#### Dataset excerpts

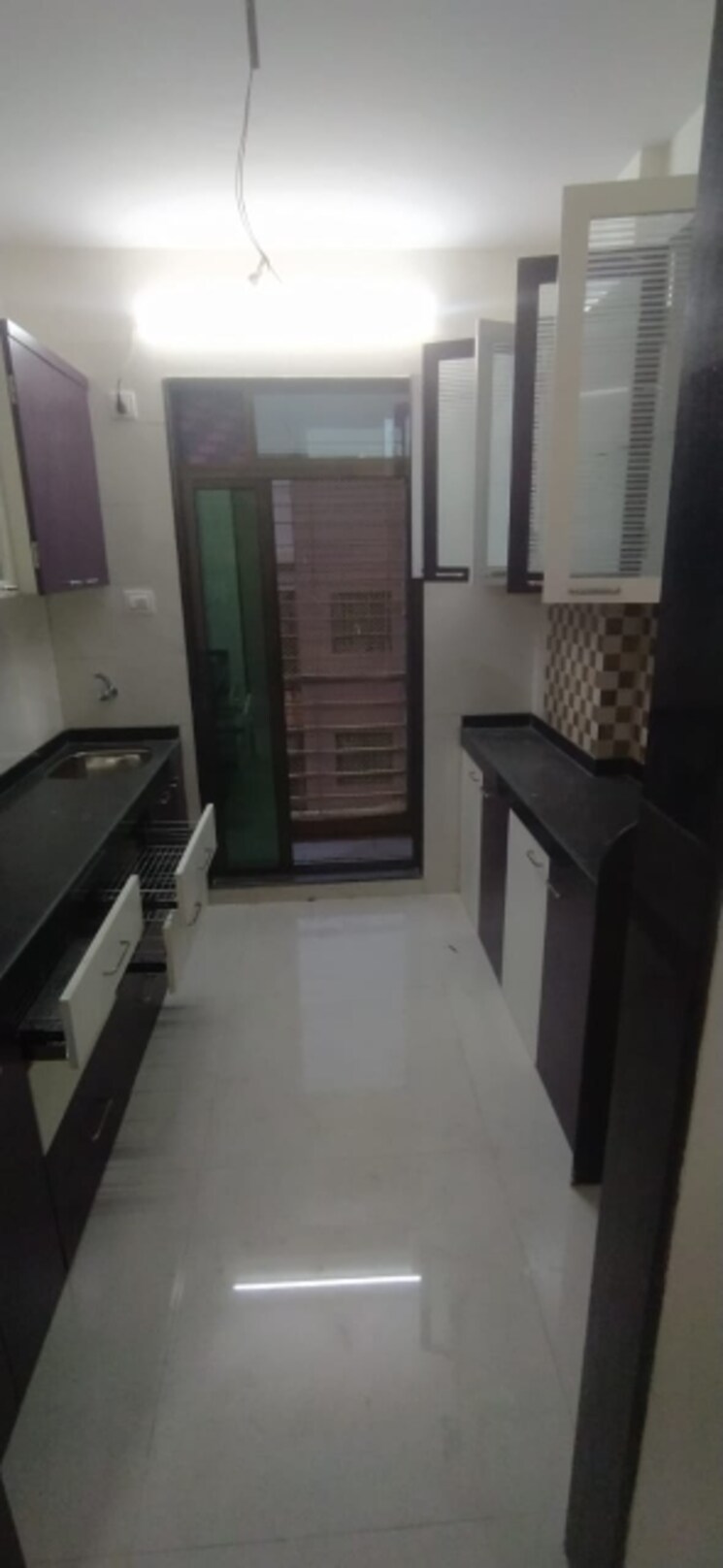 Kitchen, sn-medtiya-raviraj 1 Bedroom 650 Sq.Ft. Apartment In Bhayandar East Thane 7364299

...

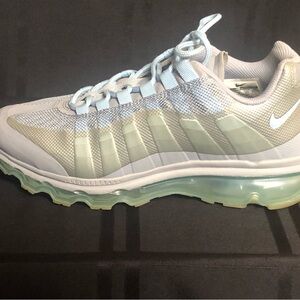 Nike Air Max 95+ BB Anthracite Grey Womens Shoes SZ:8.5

--

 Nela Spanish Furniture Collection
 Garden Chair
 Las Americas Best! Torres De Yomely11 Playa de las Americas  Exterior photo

#### Problem statement
Above is a listing; print exactly its lines from the one with "Garden Chair" through the one with "Las Americas Best!", and no other lines.

#### Solution to this problem
 Garden Chair
 Las Americas Best! Torres De Yomely11 Playa de las Americas  Exterior photo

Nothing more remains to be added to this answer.